RECORDS FOR THIS EXERCISE START

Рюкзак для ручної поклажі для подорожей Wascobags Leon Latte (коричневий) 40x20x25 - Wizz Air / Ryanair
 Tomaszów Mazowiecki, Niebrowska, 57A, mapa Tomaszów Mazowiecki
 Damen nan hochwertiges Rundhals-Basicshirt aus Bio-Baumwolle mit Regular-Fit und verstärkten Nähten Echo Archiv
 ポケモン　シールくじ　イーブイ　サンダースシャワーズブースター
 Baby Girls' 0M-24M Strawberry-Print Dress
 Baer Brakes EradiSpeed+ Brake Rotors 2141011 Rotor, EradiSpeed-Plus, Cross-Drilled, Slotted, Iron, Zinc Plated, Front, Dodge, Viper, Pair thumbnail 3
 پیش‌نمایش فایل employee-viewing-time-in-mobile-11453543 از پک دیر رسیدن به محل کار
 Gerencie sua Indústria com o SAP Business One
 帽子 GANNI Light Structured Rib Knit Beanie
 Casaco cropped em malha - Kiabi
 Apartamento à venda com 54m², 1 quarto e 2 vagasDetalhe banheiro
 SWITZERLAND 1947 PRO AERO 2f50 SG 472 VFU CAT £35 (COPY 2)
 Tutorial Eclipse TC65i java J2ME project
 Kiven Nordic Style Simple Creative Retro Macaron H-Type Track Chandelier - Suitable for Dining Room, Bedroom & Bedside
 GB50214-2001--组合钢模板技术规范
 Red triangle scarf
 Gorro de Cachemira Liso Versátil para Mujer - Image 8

RECORDS FOR THIS EXERCISE END

## WHAT IS REQUIRED
With the line containing "帽子 GANNI Light Structured Rib Knit Beanie" as the first and the last line of the records as the final one, print exactly the lines in that span.

## RESPONSE TO THE TASK
 帽子 GANNI Light Structured Rib Knit Beanie
 Casaco cropped em malha - Kiabi
 Apartamento à venda com 54m², 1 quarto e 2 vagasDetalhe banheiro
 SWITZERLAND 1947 PRO AERO 2f50 SG 472 VFU CAT £35 (COPY 2)
 Tutorial Eclipse TC65i java J2ME project
 Kiven Nordic Style Simple Creative Retro Macaron H-Type Track Chandelier - Suitable for Dining Room, Bedroom & Bedside
 GB50214-2001--组合钢模板技术规范
 Red triangle scarf
 Gorro de Cachemira Liso Versátil para Mujer - Image 8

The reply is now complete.